2. Originally Posted by compliant
The problem is as follows:
Solve for f(x), given

$f(x) = x + \int^{x}_{0}{(x-2t)f(t) dt}$

What I did:
1. Differentiate both sides wrt x, and partially differentiate through the integral.

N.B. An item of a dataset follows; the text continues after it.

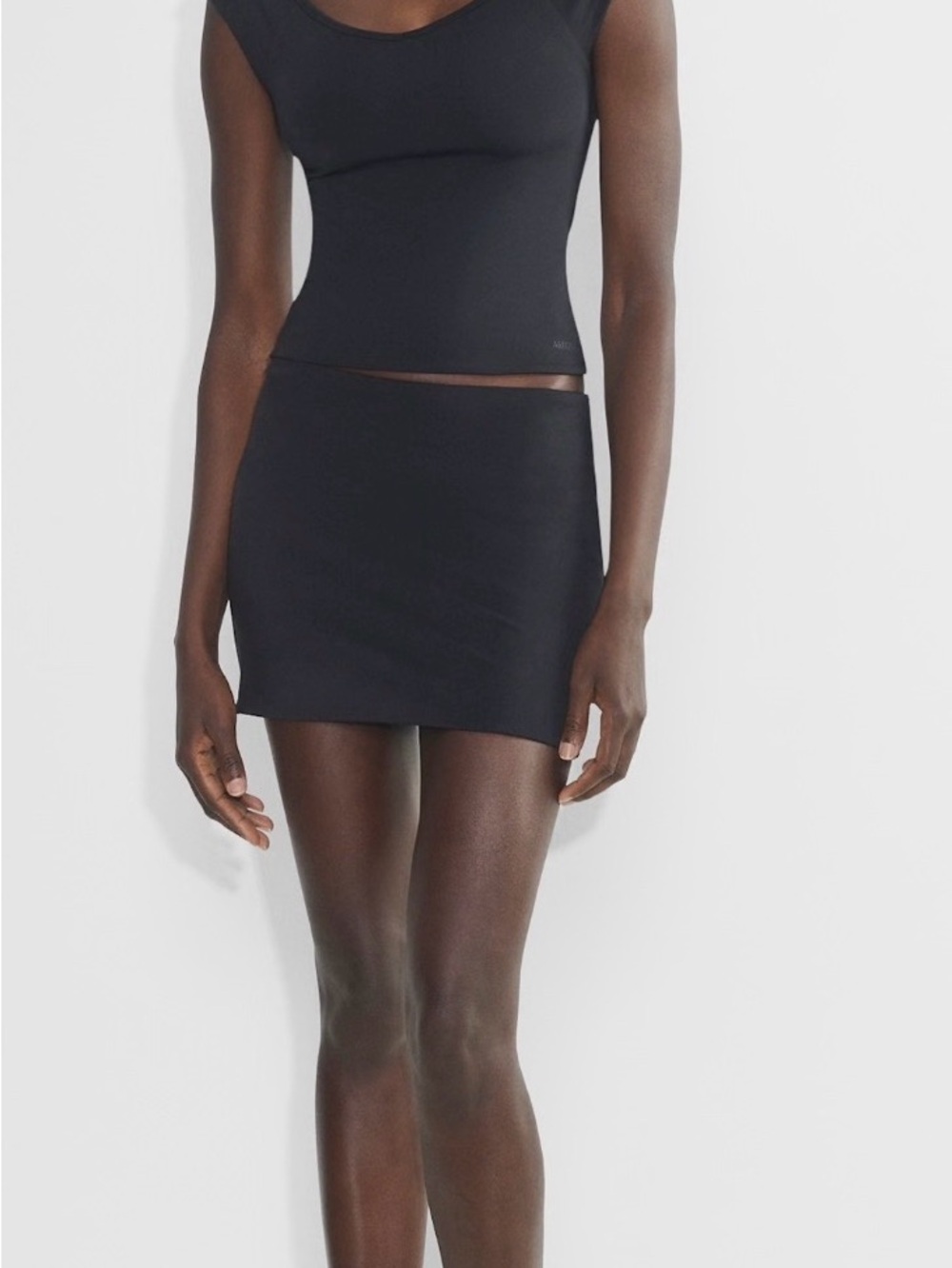 Aritzia Contour Enrich Skirt Black Small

$f'(x) = 1 + \frac{d}{dx} \int^{x}_{0}{(x-2t)f(t) dt}$
$f'(x) = 1 + \int^{x}_{0}\frac{\partial}{\partial x}{(x-2t)f(t) dt}$
$f'(x) = 1 + (x-2x)f(x) + \int^{x}_{0}{f(t) dt}$
$f'(x) = 1 - xf(x) + \int^{x}_{0}{f(t) dt}$

2. Differentiate both sides wrt x again.
$f''(x) = - xf'(x) - f(x) + \frac{d}{dx}\int^{x}_{0}{f(t) dt}$
$f''(x) = - xf'(x) - f(x) + f(x)$
$f''(x) = - xf'(x)$

This is an ODE, yes, but how would I solve for this? (i.e. is there a less messy way to calculate this other than using series solutions, which I hate with a passion?)
Let y = f(x). Then you have

$\frac{d^2 y}{dx^2} = - x \frac{dy}{dx}$.

Substitute $\frac{dy}{dx} = p$ .... (1):

$\frac{dp}{dx} = - x p$ .... (2)

DE (2) is seperable. Solve it for p as a function of x. Then substitute your expression for p into DE (1) and solve for y as a function of x.